And they’re off! It started before the session when Governor Brownback said he wanted teacher merit pay in any new school finance system. It was ratcheted up a notch when House Education Chairman Ron Highland (R-Wamego) went on television to say merit pay for teachers is easy to figure out. Well, what he actually said is “I can walk in any school and talk to the janitor and I can tell you who the best teacher is in every school; they all know.”

The legislature is wasting no time in pushing the issue. Yesterday during a presentation to a joint meeting of the House and Senate Education Committees by Commissioner Randy Watkins and SBOE Member Jim McNiece, Senator Jeff Melcher (R-Leawood) pressed the issue. McNiece responded, telling Melcher that Kansas needs to address the overall compensation levels in the profession. He warned that raising the pay of some teachers without addressing overall compensation first would create morale problems. “What you’re going to do is make it worse,” he said. “It’s going to be throwing gasoline on the fire.”

Watson and McNiece both told the Committees that the perception among teachers that they aren’t valued is a significant problem.
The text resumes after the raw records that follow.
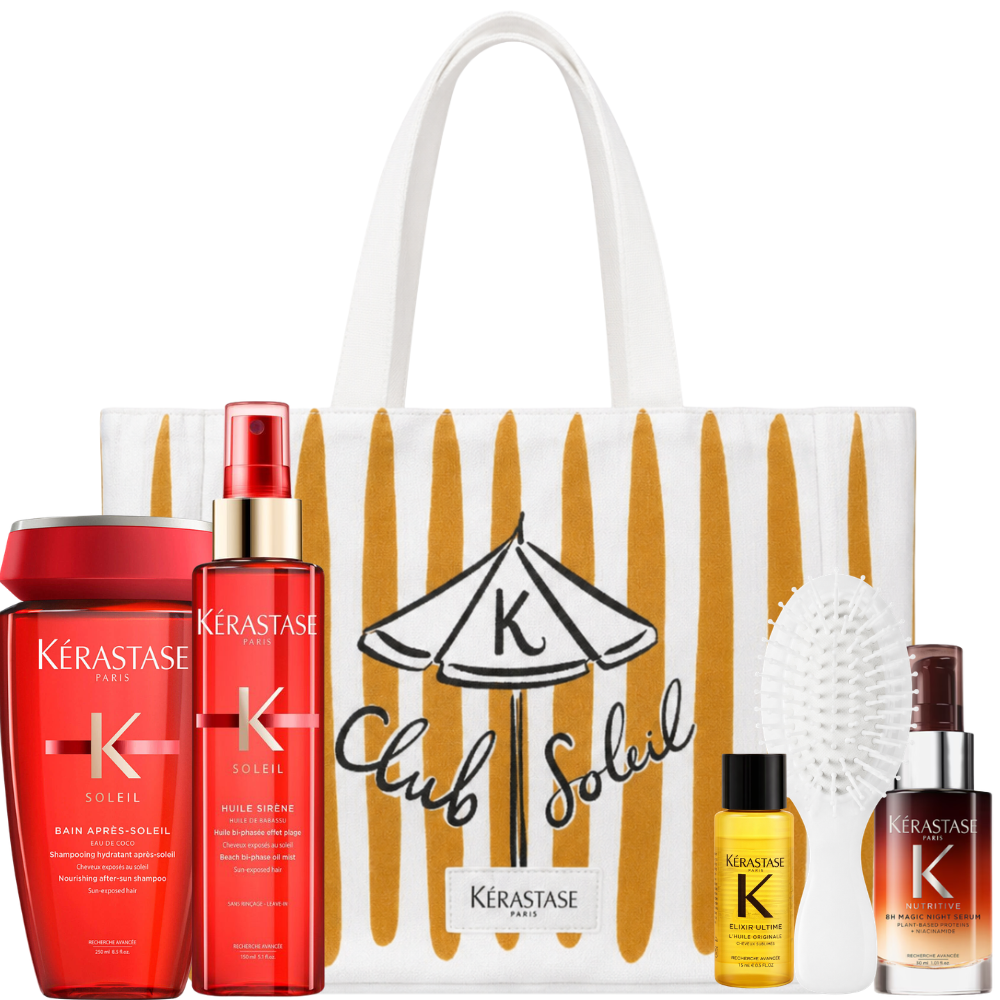 Kérastase Soleil Luxury Summer Set – Intensive Sonnenpflege mit exklusiver Strandtasche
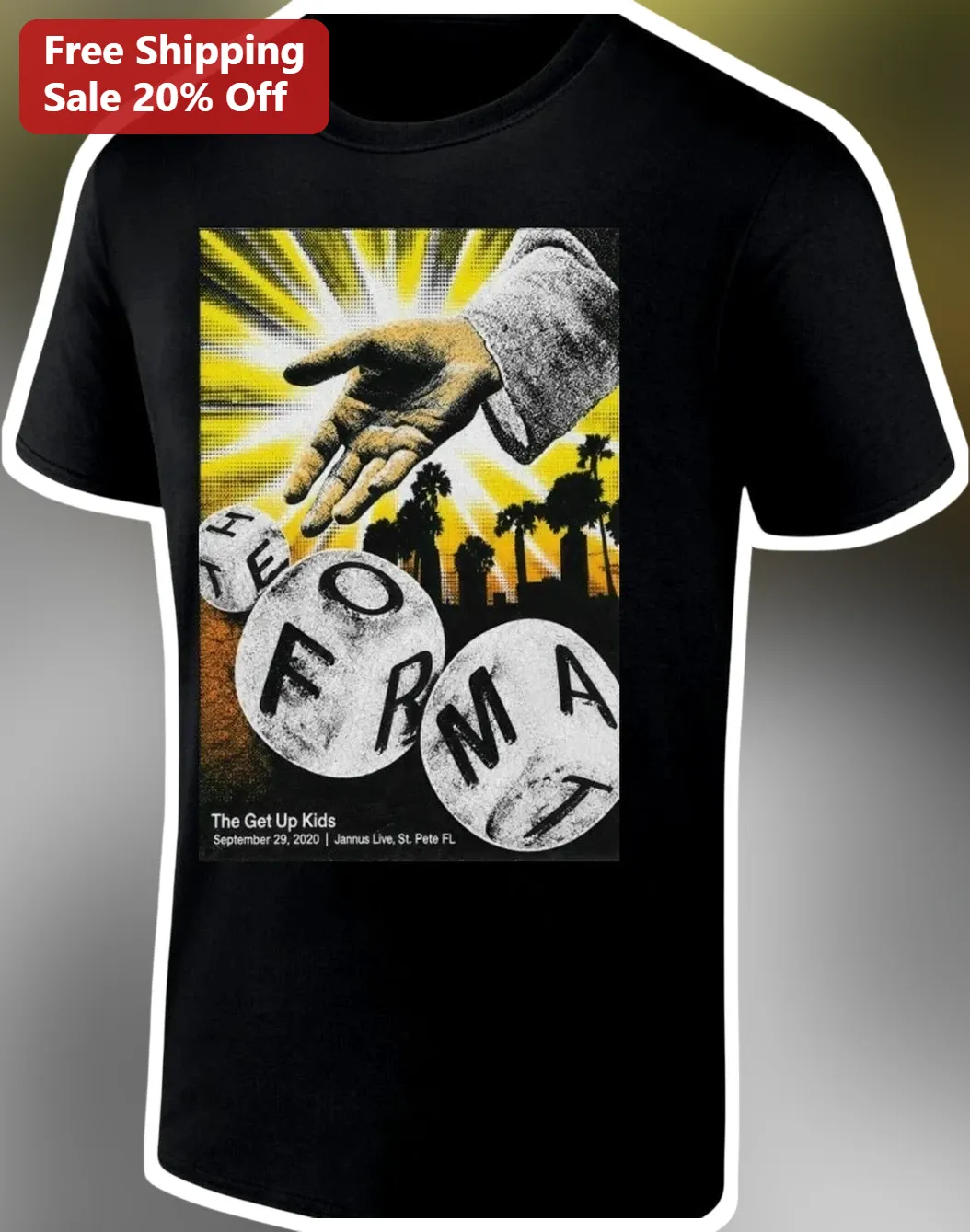 The Get Up Kids Jannus Live St. Pete FL September 29 2020 Vintage Concert Tee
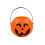 Plastic Pumpkin Candy Bucket 17 x 13.5 cm 1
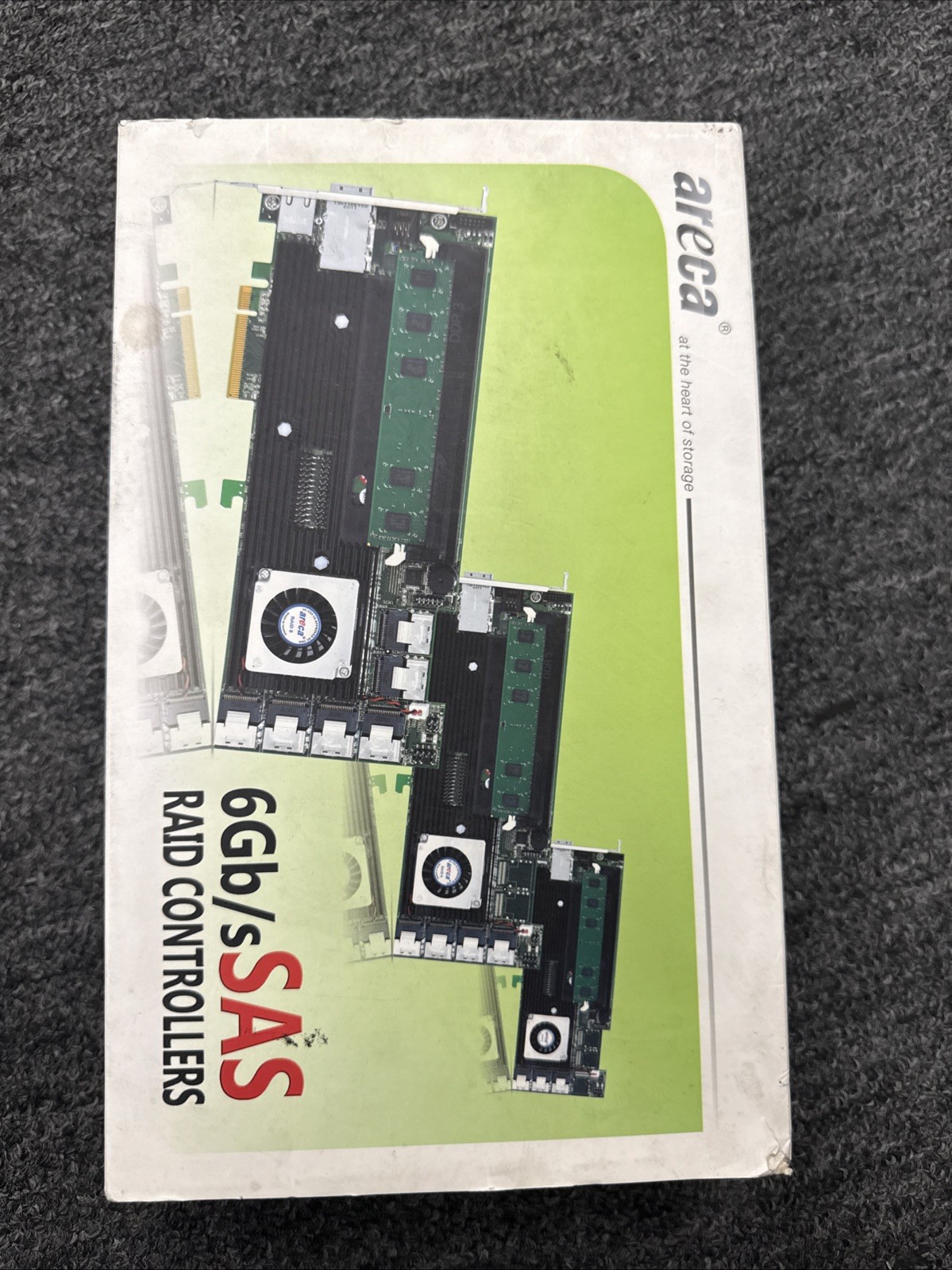 Areca ARC-1882IX-24 (16i4e)24-Port RAID Controller Card w/BBU /HDD Monitor Board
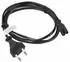 Lanberg Netzkabel CEE 7/16 auf C7-Koppler, schwarz, 1,8m (CA-C7CA-10CC-0018-BK)
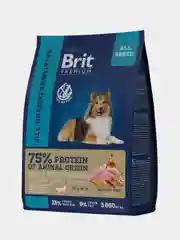 Корм сухой Brit Premium для собак с чувствительным пищеварением, ягненок и индейка, 1 кг
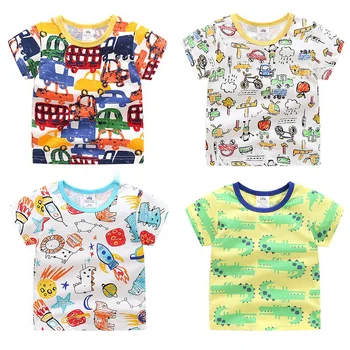 New Trend of Factory Low Price Summer Children's T-shirt Fashion Printed Round Neck Pure Cotton Top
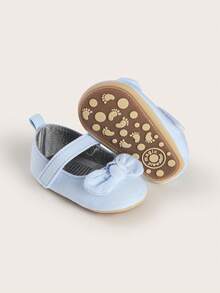 Infant Toddler Shoes, 0-1 Years Old, 3-6-9 Months, 100 Days To 1 Year Old, Infant Denim Princess Soft Bottom Toddler Shoes, Spring/Autumn - Baby Blue - View 2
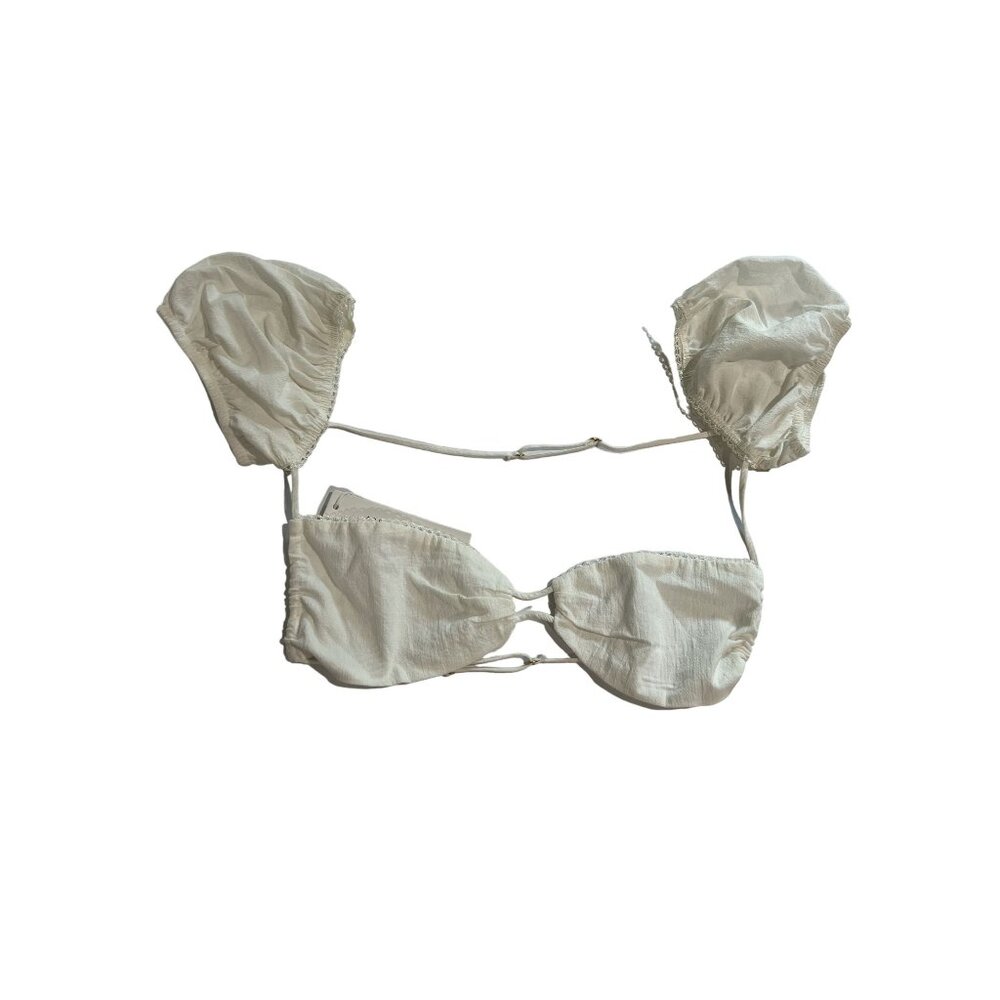 ARE YOU AM I Xueli Bralette in White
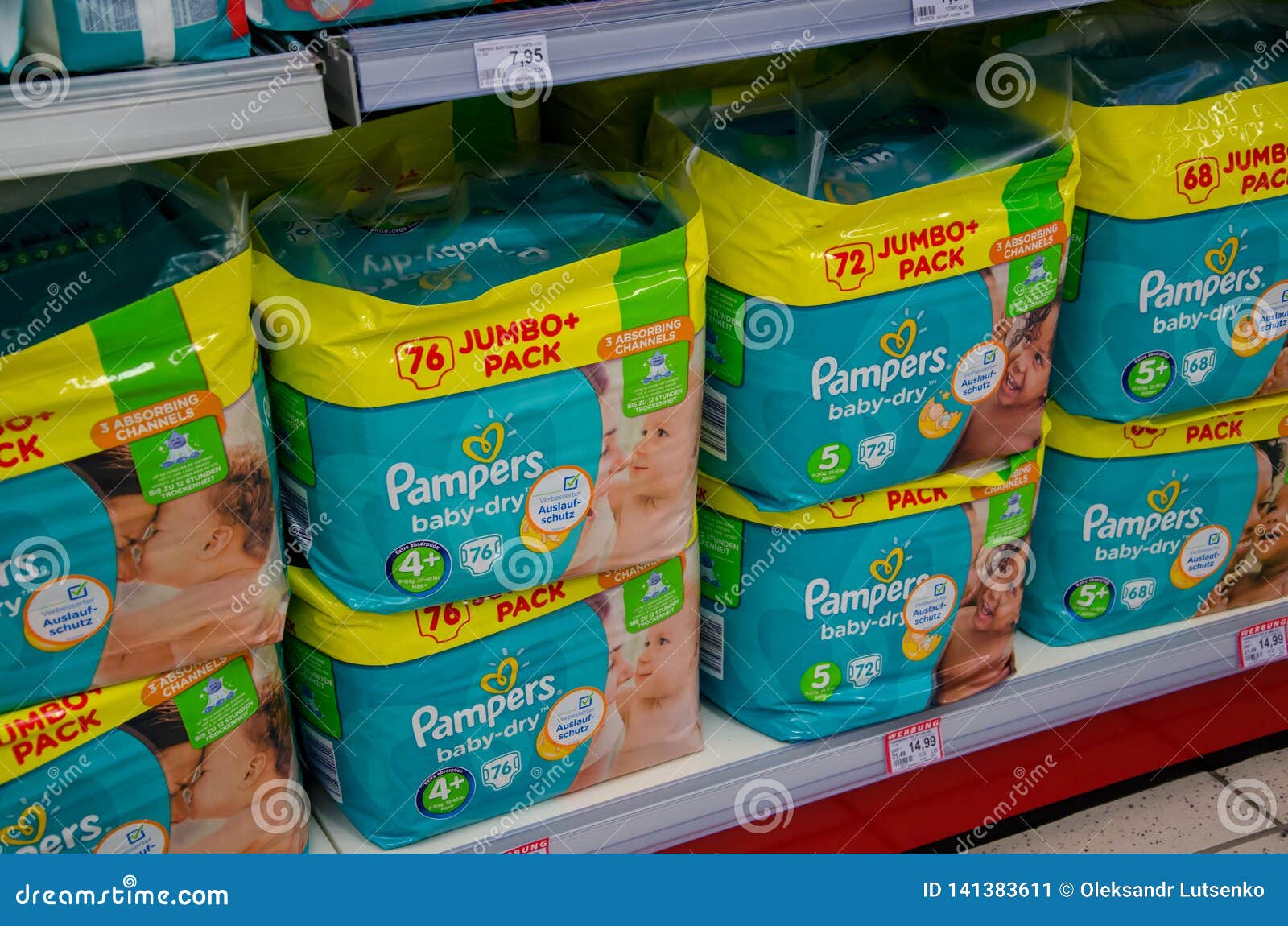 reklama pampers premium care zdjęcia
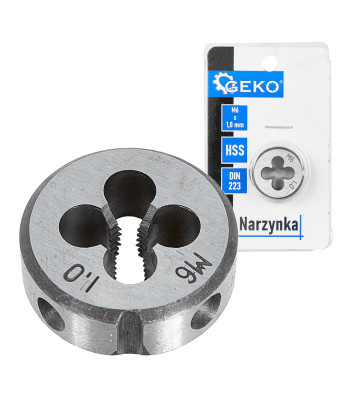 Sriegpjovė išoriniams sriegiams GEKO M6 x 1,0 mm (150/300)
McNiece went on to say that Kansans need to “change the conversation about teachers and what they do, and recognize how hard they work and applaud them first.”

The evidence is clear that merit pay doesn’t work. And it doesn’t work in the private sector either. There is plenty of research demonstrating that for professional jobs requiring cognitive skills, creativity, and problem solving, merit pay or pay for performance schemes actually harm productivity.

Dan Pink, author of Drive: The Surprising Truth About What Motivates Us, explores research done by economists for the Federal Reserve and the London School of Economics that clearly shows the harm done by pay for performance plans. Pink explores this in a TED Talk that you can view by clicking here.

Now, in fast tracking the idea, Chairman Highland this morning announced an informational hearing on the issue to be held when the legislature reconvenes on Tuesday. KNEA will be there to testify.